(Scraped caption text data)
# # #
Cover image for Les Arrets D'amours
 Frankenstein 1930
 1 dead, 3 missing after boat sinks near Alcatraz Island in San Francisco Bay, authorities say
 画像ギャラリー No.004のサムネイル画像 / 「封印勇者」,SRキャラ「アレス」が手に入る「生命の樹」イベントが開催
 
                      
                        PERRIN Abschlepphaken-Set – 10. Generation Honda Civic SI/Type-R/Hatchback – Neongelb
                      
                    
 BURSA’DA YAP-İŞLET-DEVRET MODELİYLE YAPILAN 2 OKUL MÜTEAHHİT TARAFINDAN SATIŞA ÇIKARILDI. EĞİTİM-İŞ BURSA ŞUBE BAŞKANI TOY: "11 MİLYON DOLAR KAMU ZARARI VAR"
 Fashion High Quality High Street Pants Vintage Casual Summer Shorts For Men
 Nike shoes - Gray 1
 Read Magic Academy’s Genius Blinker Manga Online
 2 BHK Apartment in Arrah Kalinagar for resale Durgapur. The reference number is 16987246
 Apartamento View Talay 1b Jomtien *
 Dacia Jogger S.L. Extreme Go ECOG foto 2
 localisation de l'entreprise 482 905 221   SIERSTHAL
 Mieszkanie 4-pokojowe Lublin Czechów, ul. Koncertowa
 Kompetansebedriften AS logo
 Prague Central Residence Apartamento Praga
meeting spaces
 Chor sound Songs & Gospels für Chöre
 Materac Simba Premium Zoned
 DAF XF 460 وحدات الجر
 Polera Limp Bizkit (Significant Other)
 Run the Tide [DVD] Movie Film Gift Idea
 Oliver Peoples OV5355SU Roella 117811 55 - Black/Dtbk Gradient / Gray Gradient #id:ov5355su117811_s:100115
# # #
WORK REQUIRED:
Each line in the data that holds the string "Gray" must be returned.

TASK RESULT:
 Nike shoes - Gray 1
 Oliver Peoples OV5355SU Roella 117811 55 - Black/Dtbk Gradient / Gray Gradient #id:ov5355su117811_s:100115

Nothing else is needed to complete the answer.